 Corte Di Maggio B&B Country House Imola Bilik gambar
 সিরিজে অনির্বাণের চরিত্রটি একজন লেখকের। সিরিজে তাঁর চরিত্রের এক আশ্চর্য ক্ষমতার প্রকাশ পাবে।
───
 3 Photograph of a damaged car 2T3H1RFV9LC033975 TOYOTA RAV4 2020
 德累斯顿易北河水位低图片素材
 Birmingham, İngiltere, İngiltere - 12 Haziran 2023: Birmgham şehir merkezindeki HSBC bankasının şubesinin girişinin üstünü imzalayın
───
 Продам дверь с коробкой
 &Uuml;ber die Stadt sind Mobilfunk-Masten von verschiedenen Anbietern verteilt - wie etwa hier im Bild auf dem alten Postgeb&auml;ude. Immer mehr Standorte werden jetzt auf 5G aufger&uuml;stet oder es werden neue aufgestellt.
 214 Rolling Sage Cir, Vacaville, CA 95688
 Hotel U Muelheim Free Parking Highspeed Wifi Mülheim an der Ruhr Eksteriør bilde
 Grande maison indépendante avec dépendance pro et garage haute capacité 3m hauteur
───
Work instructions
Reproduce word for word the material above, beginning with the line that contains "Corte Di Maggio" and ending with the line that contains "সিরিজে অনির্বাণের চরিত্রটি".

Answer to the exercise
 Corte Di Maggio B&B Country House Imola Bilik gambar
 সিরিজে অনির্বাণের চরিত্রটি একজন লেখকের। সিরিজে তাঁর চরিত্রের এক আশ্চর্য ক্ষমতার প্রকাশ পাবে।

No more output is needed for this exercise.